Reference no: EM133245287
1) What is the type of the following kinds of attributes (a) age (in years), (b) salary, (c) ZIP code, (e) height, and (f) intensity of rain? Classify them as continuous or discrete, and as qualitative (nominal or ordinal) or quantitative (interval or ratio).
2)An analyst sets up a sensor network in order to measure the temperature of different locations over a time period. What is the type of attributes collected (temperature)? What is the type of the dataset?
3) It is desired to partition customers into similar groups on the basis of their demographic profile.
a. What features could we use? Provide 3 examples. Would you describe such data as heterogeneous?
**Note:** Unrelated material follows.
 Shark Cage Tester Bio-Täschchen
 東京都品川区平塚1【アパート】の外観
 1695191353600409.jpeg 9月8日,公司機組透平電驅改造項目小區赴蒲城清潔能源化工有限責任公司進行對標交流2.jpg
b. Which data mining problem is best suited to this task?
4)Suppose that you had a set of arbitrary objects, each representing different characteristics of gadgets. A domain expert gave you the similarity value between every pair of objects. How would you convert these objects into a multidimensional data set for clustering the gadgets ?
5)Suppose that you had a data set, such that each data point corresponds to sea-surface temperatures over a square mile of resolution 10×10. In other words, each data record contains a 10×10 grid of temperature values with spatial locations. You also have some text associated with each 10×10 grid. How would you convert this data into a multidimensional data set? How many features will each data point have?
6) Compute the cosine similarity, Jaccard coefficient (if possible, for binary vectors), Euclidean distance, correlation coefficient for the following vectors, x, y:
a. x = (0, -1, 1, 2,-2), y = (0, -2, 2, 4, -4)
b. x = (0, 1, 0, 0, 0), y = (0, 1, 0, 0, 1)
c. x = (-1, -1, -1, -1, -1), y = (1, 1, 1, 1, 1)
7) Compute the cosine similarity and the Jaccard coefficient, between the two sets {A, B, C} and {A, C, D, E}. Hint: how will you represent each set?
8) Create three documents, A, B, and C such that the Euclidean distance between A and B is smaller than the Euclidean distance between A and C, even though documents A and B have no common words whereas documents A and C have some common words.
9) Are the following similarity measures good or bad for finding similarity in document-term data? Provide a one-line justification for each answer you provide.
a. correlation
b. cosine
c. Euclidean